La stagione di arrampicata al K2
dura da giugno ad agosto, ma nel 2008 avverse
condizioni meteorologiche hanno impedito a tutti i gruppi presenti di salire
nei mesi di giugno e luglio.
Alla fine di luglio, dieci gruppi diversi aspettavano
la possibilità di raggiungere la vetta, alcuni di loro hanno atteso per quasi
due mesi, utilizzando questo periodo per acclimatamento e la preparazione per i
campi alti della montagna.
Con la fine di
luglio, le previsioni meteo indicano tempo in miglioramento, e diversi gruppi
erano arrivati al Campo IV il 31 luglio in preparazione per tentare la vetta
non appena clima consentirebbe.
Uno dei primi a
tentare la salita è stato lo scalatore Spagnolo Alberto Zerain che
era venuto dal campo III durante la notte e ha deciso di continuare la sua
spinta solitaria verso la vetta
piuttosto che stare al campo IV.
In coincidenza il
più esperto Shaheen Baig (della squadra serba),
è stato costretto tornare giù con sintomi di mal di alta quota. E quindi
la sua esperienza è mancata nei gruppi che nella confusione,
avrebbero posizionato le corde fisse troppo sul lato destro del Collo di Bottiglia.
Quando i gruppi
hanno iniziato verso l'alto alle 03:00, gli sherpa avevano preparato le corde
fisse sulle linee dalla spalla, dove non erano necessarie, fino al Collo di Bottiglia (un ripido canalone
che conduce alla vetta), e poi avevano finito le corde per la traversata appena
sopra il Collo di Bottiglia. Questo costringe
le varie cordate a un ritardo non pianificato. A
questo punto il gruppo americano decide di rinunciare al tentativo e tornare al
campo inferiore. Va notato però, che tradizionalmente, il Collo di Bottiglia e la conseguente traslazione sono state salite
senza corde fisse. E' stato detto poi che gli
alpinisti del K2
stagione estiva 2008 sono stati forse troppo dipendenti troppo dalle corde
fisse.
Alle 08:00 le
persone stavano avanzando attraverso il Collo
di Bottiglia. Il Serbo
Dren Mandic nel tentativo
di raggiungere un suo compagno perse l'equilibrio e
cadde, urtando Cecilie
Skog.

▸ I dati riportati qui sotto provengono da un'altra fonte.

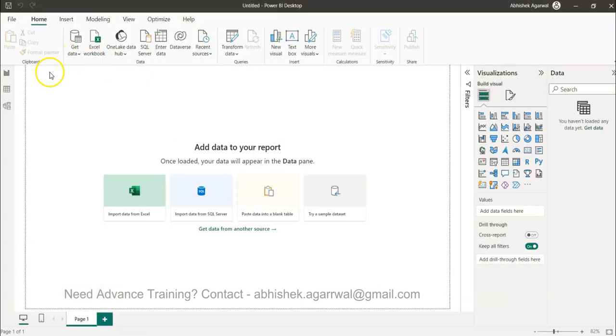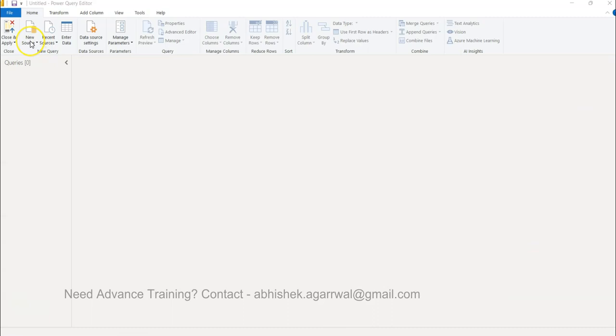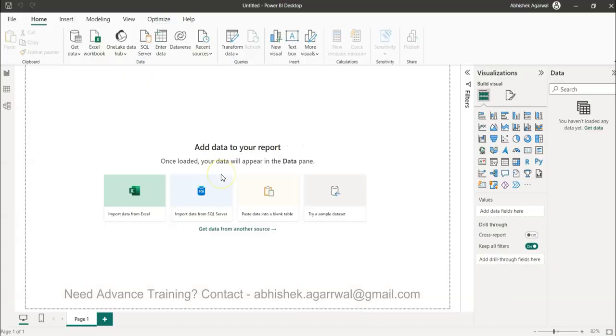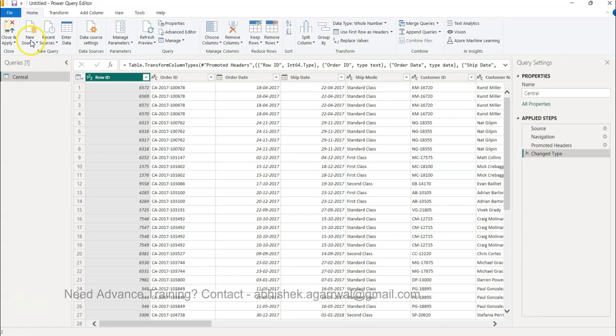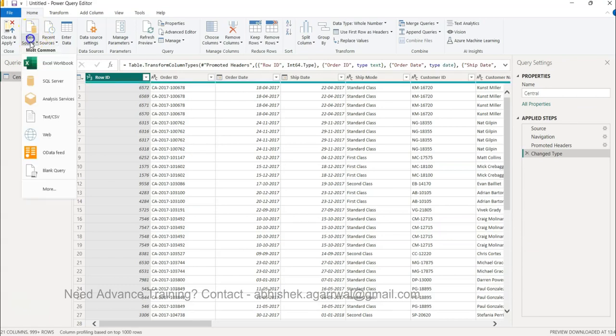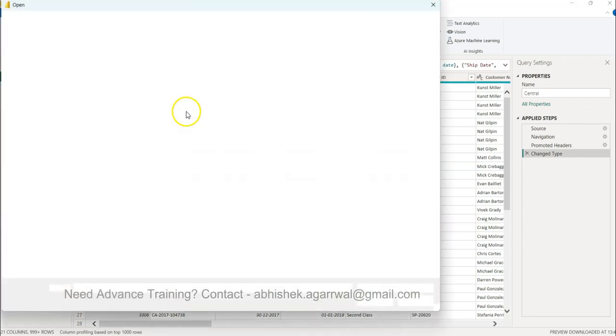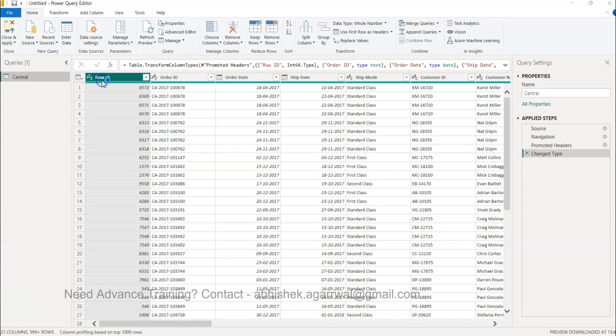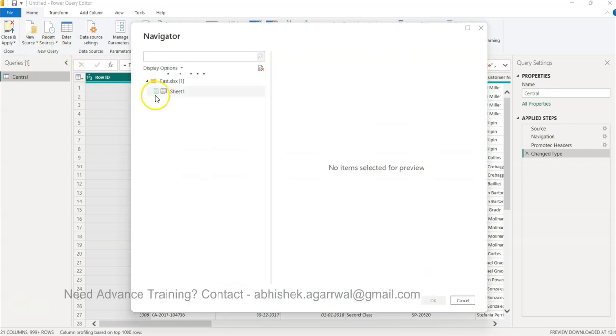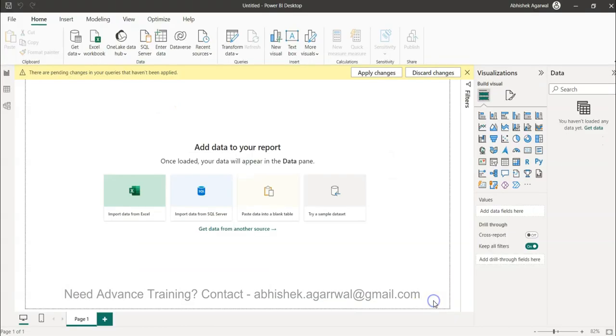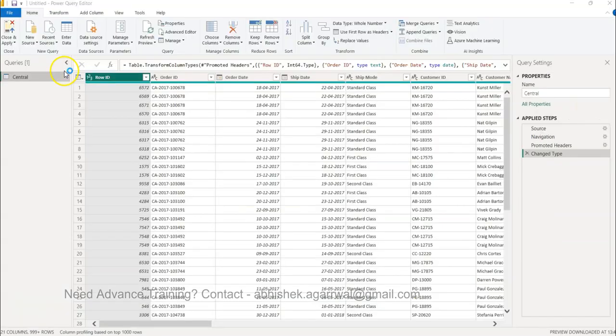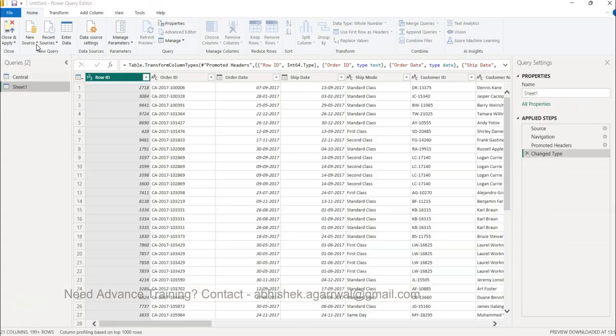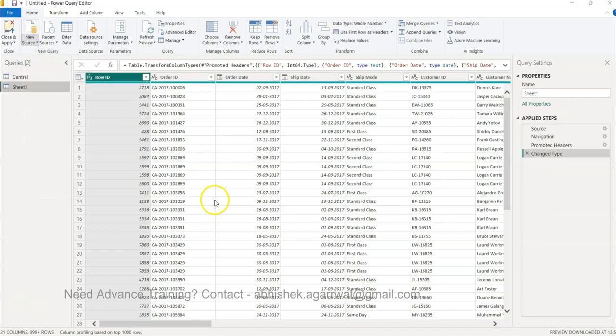After that, I will bring one more to show you the example. Let's wait. New Source, Excel Workbook. You have East. I'll bring at least one more workbook so I have three to play around with.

Lei era agganciata alla corda ma lui
non essendo assicurato, precipita per quasi 200 metri. Alcuni
scalatori hanno affermato che era ancora in movimento dopo la caduta. La gente in Campo IV ha visto la caduta e ha inviato un
gruppo per aiutare a recuperare il suo corpo ferito o morto. Lo Svedese Fredrik
Sträng ha dichiarato che ha preso il comando delle operazioni di
recupero. Quando Fredrik
Sträng ha raggiunto il corpo, gli alpinisti Serbi Predrag
Zagorac e Iso Planic con Mohammed Hussein erano già
arrivati e, a giudicare dalla gravità delle sue ferite, Dren
Mandic è stato dichiarato morto. Gli
alpinisti serbi hanno deciso di portare il corpo fino al campo IV con l’assistenza di Fredrik
Sträng. Nel frattempo sono stati
raggiunti da uno dei portatori della Spedizione Indipendente a Guida
Francese Jahan Baig Pakistano che precipita
a sua volta cercando di portare il corpo di Dren Mandic al campo
4.
Diverse persone
in seguito diranno che Jahan
Baig potrebbe essere stato affetto da una malattia d'alta quota,
dal momento che aveva mostrato un comportamento discutibile in corda doppia
lungo il collo di bottiglia. Fredrik
Sträng aveva notato che era incoerente, primo offre di aiutare nelle
operazioni di salvataggio, dopo aver rifiutato di aiutare, solo per tornare
qualche istante dopo per assistere di nuovo. Jahan
Baig perse l'equilibrio, urtando Fredrik
Sträng che poi lo ha esortato a lasciar andare la corda legata a Dren
Mandic perché altrimenti tutti e quattro gli alpinisti sarebbero stati
trascinati verso il basso. Jahan
Baig finalmente lasciò andare la corda, ma troppo
tardi scivolando ha trovato la morte. Fredrik
Sträng decise in seguito di scendere senza il corpo di Dren
Mandic. Il gruppo serbo avvolse il corpo di Dren
Mandic in una bandiera e lo fissarono su uno
sperone prima di iniziare a scendere.
Questi ritardi, dovuti
alla marea di traffico nel Collo di Bottiglia,
ha costretto molte persone di raggiungere la vetta molto più tardi del
previsto, un pò più tardi delle ore 20:00 (il tempo tipico per essere scalato
15:00-17:00). Tutti insieme, 18 persone in vetta quel giorno. Durante la
discesa, lo spagnolo Alberto Zerain, che aveva raggiunto
la vetta alle 15:00 è riuscito a passare attraverso il Collo di Bottiglia, senza problemi. Ma
quando il gruppo norvegese - tra cui Lars Flato Nessa e Cecilie
Skog che ha raggiunto la vetta due ore più
tardi di Alberto
Zerain - un seracco (un grande blocco di ghiaccio ) si staccò dal il
campo di ghiaccio sopra. Come è caduto, ha
tagliato tutte le linee fisse e prese con sé Rolf Bae (marito di Cecilie
Skog), che aveva abbandonato il tentativo a
soli 100 metri sotto la vetta e stava scendendo nella parte anteriore del
gruppo. Lars
Flato Nessa e Cecilie
Skog continuato scendendo senza le corde fisse
e sono riusciti a raggiungere il Campo IV durante la notte.
Come risultato
della caduta seracco, la salita nel Collo
di Bottiglia divenne più ripida e tecnica. Pezzi di
ghiaccio si trovano sparsi per tutto il percorso, e gli alpinisti scendendo
sono stati bloccati nella cosiddetta “Zona della Morte” sopra 8000 metri.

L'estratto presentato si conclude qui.